Man convicted under state’s debated cockfighting laws

Published 3:36 pm Thursday, July 14, 2011

On April 23, officers with the Chilton County Sheriff’s Department teamed with the state Fire Marshall’s Office to stake out and raid an illegal cockfighting operation.

Ninety-six people were on the premises, and though no fights were in process, officers confiscated spurs that are attached to roosters’ legs during fights and other telltale evidence.

The property owner, Rueben Ray Smitherman, was convicted of cockfighting recently and received the maximum penalty: a $50 fine and a 30-day suspended sentence.

Some say the punishment doesn’t fit the crime.

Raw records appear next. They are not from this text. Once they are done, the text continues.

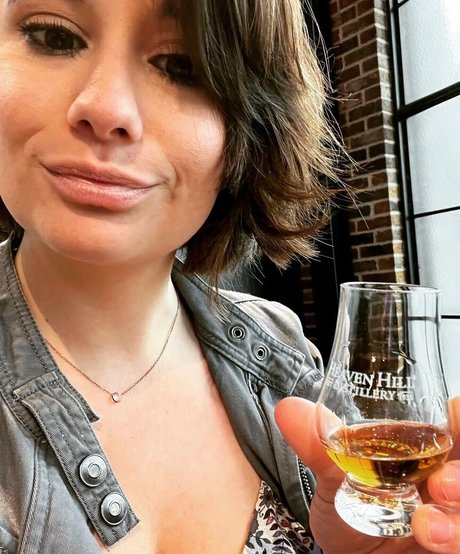 Naakte gelekte OnlyFans-foto van Lillybehave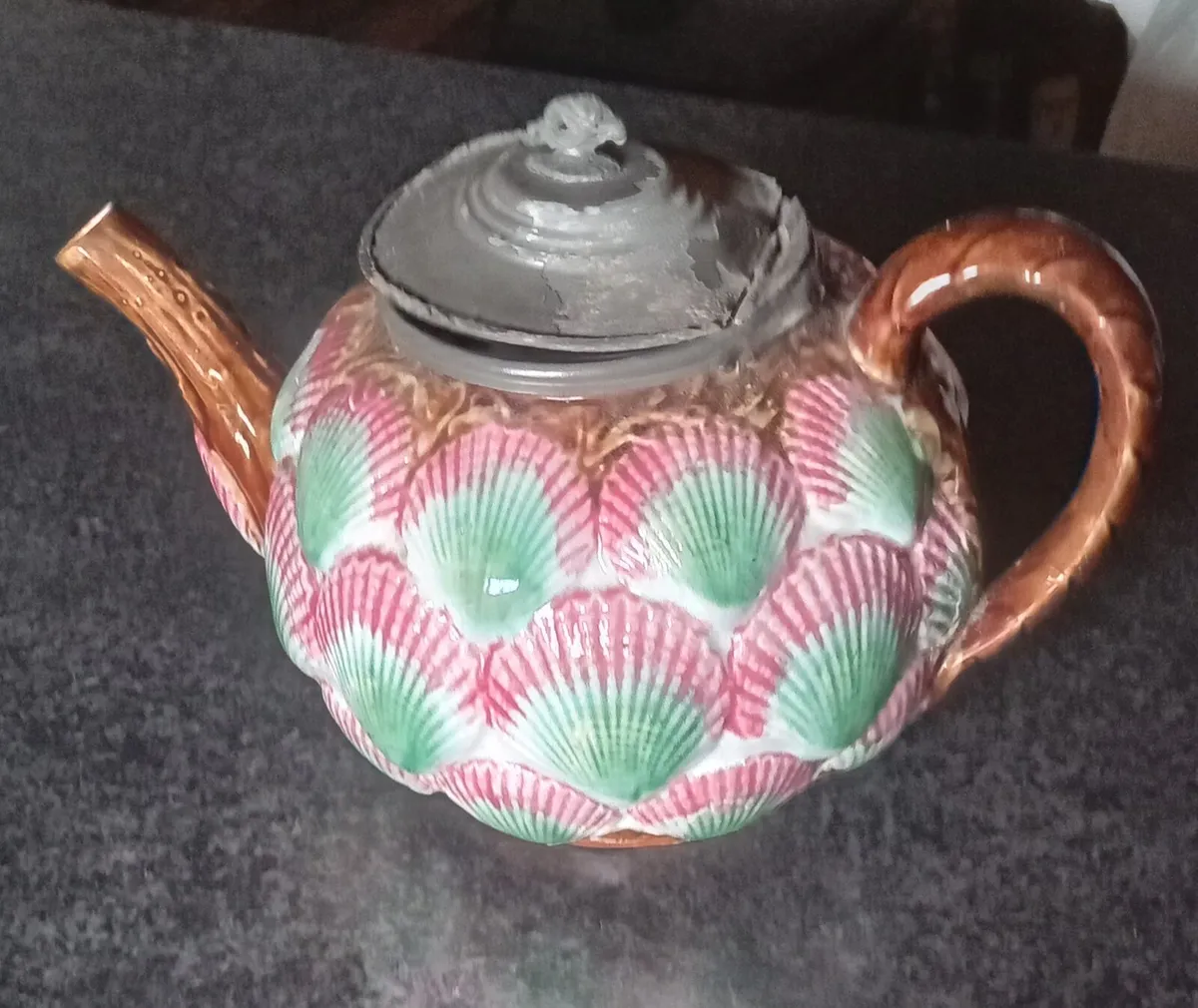 Majolica tea pot - Image 1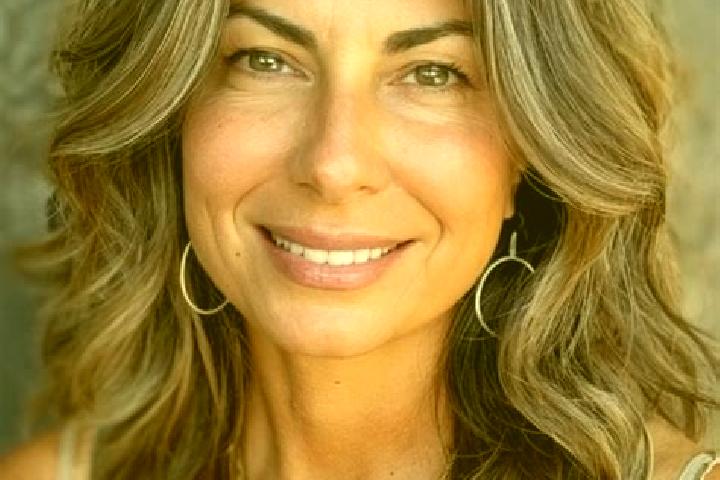 Piper, 29, a brunette grey-eyed latina companion based in La Trinite. Offering Roleplay, Fetish, Girlfriend Experience. Available for incall and outcall, ove...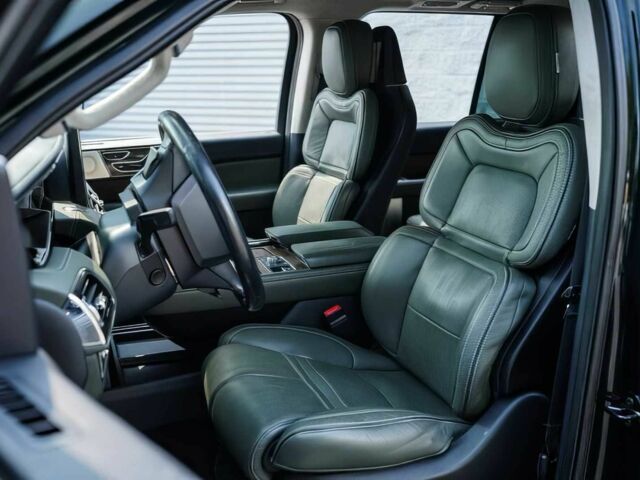 Чорний Лінкольн Navigator, об'ємом двигуна 3.5 л та пробігом 15 тис. км за 37000 $, фото 9 на Automoto.ua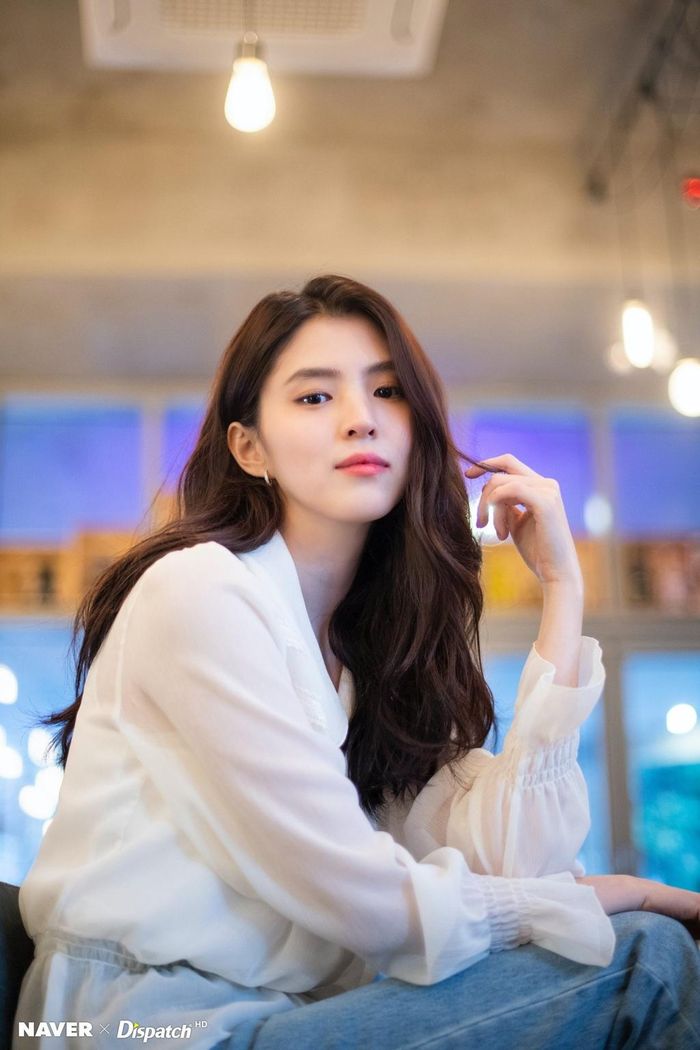  Quyết định lấn sân sang điện ảnh vào năm 23 tuổi, Han So Hee được biết đến qua loạt vai diễn trong Reunited Worlds, Money Flower, 100 Days My Prince hay Abyss. Tuy chỉ tham gia vai phụ song lối diễn xuất tự nhiên cùng nhan sắc nổi bật đã giúp cô tạo nên độ phủ sóng nhất định. 
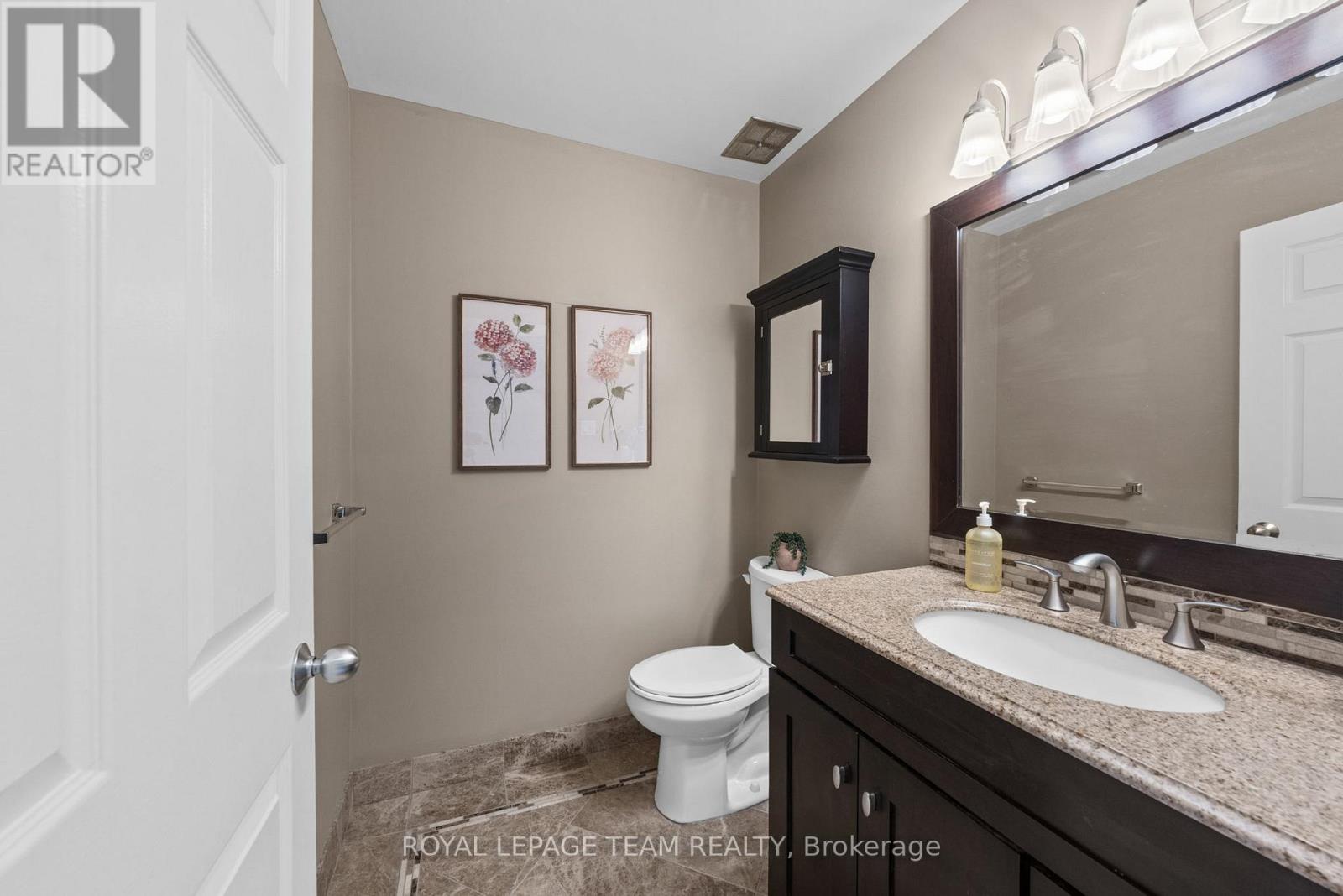 5 Bed, 4 Bath House for Sale in Ottawa – 1209 POTTER DRIVE, Ottawa – MLS# X13475770 - Image 22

The Humane Society of the United States ranks Alabama’s cockfighting laws as the weakest in the nation and has pushed for them to be more stringent.

“A $50 fine isn’t much of a fine or a deterrent,” said Joe Murphy, director of the Chilton County Humane Society. “I think the state has a huge problem. It’s barbaric, a blood sport.”

Sheriff Kevin Davis estimated that 90 percent of those on the scene of the raid, off County Road 55, were from outside Chilton County, and many were from outside the state.

It’s little wonder. Possession of birds for fighting, possession of implements for fighting, and being a spectator at a cockfight are all legal in Alabama, according to a chart produced by the Humane Society.

By comparison, those three activities are all considered felonies in Colorado, carrying punishments of one to three years in prison and a maximum $1,000 fine.

“There is no question that cockfighting is illegal,” Deputy District Attorney C.J. Robinson said. “Once law enforcement makes an arrest, we will prosecute the offender like we prosecute any other crime.

“Unfortunately, the punishment is not very severe.”

A state bill that would have increased penalties for cockfighting made it out of committee in January 2010 but never came to a vote of the full Senate.

State Sen. Cam Ward, who represents Chilton County, said he would like to see a similar bill passed.

“You have a lot of people from outside the state coming into Alabama because our laws are so lenient,” Ward said. “It’s a black eye for all of us anytime this activity is uncovered.”